Crawled caption data
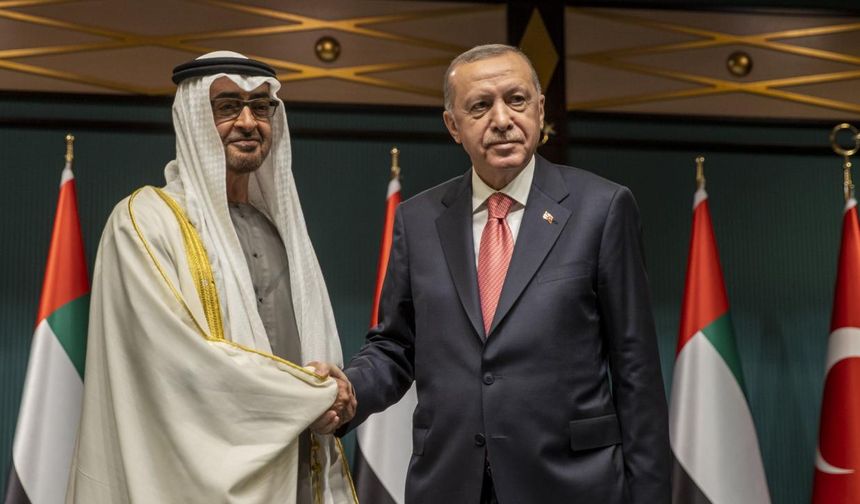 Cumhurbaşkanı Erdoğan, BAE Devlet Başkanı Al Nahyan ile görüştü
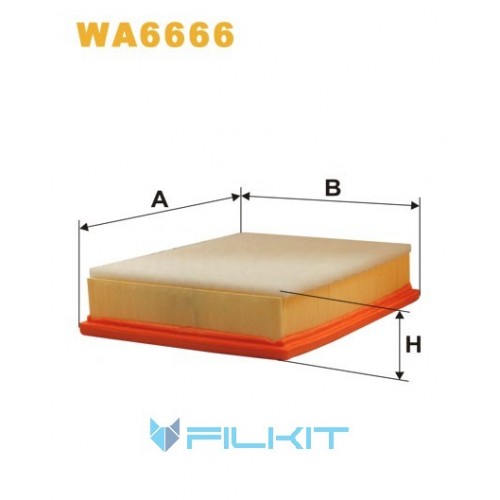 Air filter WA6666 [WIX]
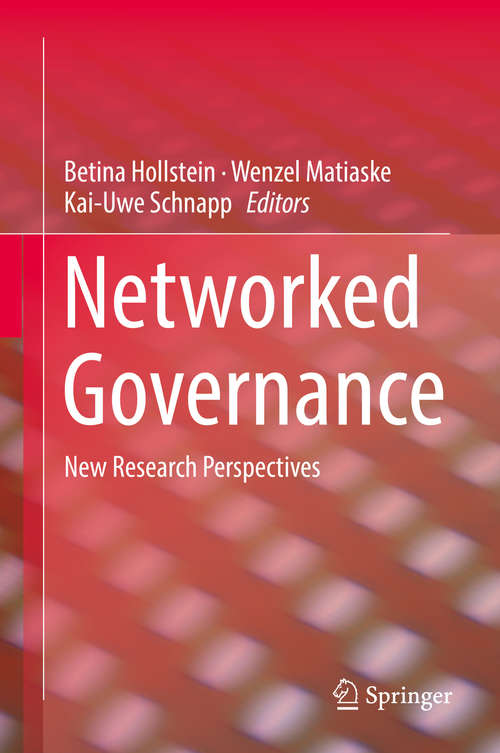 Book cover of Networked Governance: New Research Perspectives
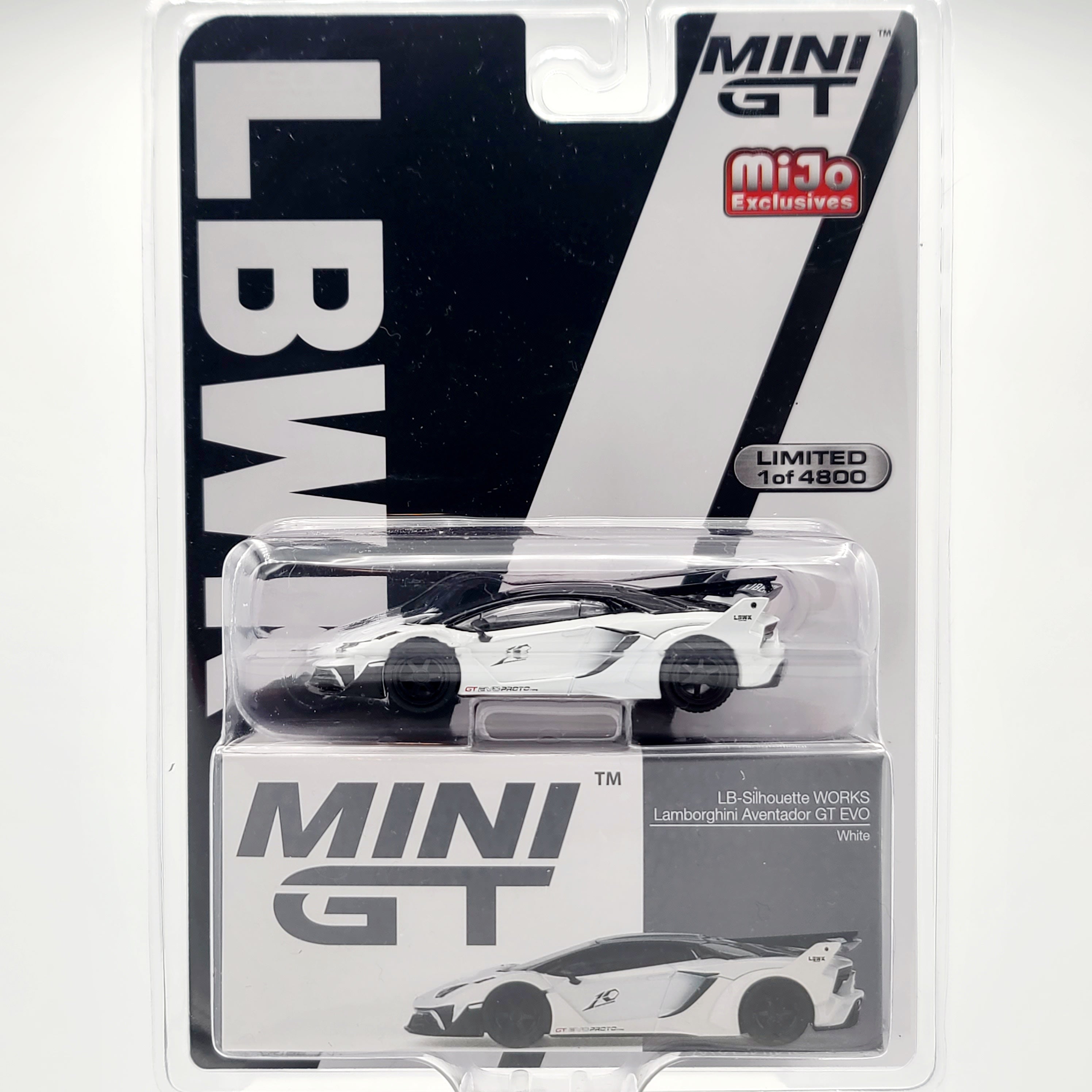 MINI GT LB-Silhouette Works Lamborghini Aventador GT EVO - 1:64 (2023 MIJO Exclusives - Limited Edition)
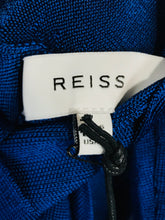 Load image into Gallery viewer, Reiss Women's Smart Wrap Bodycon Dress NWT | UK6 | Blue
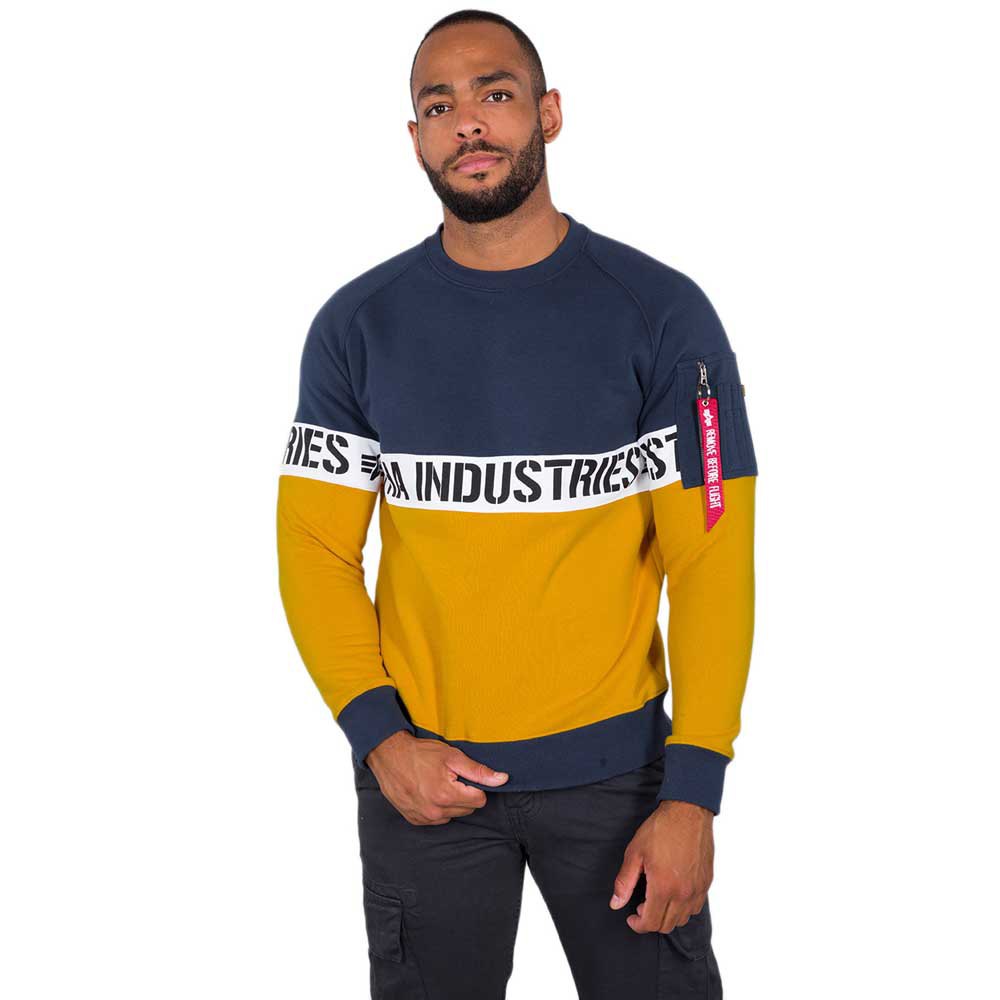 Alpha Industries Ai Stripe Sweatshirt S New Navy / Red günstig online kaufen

EXERCISE:
With the pictures left out, transcribe exactly the lines from the line holding "Load image into" through the closing line of the entries.

ANSWER FOR THE TASK:
 Load image into Gallery viewer, Reiss Women's Smart Wrap Bodycon Dress NWT | UK6 | Blue
 Alpha Industries Ai Stripe Sweatshirt S New Navy / Red günstig online kaufen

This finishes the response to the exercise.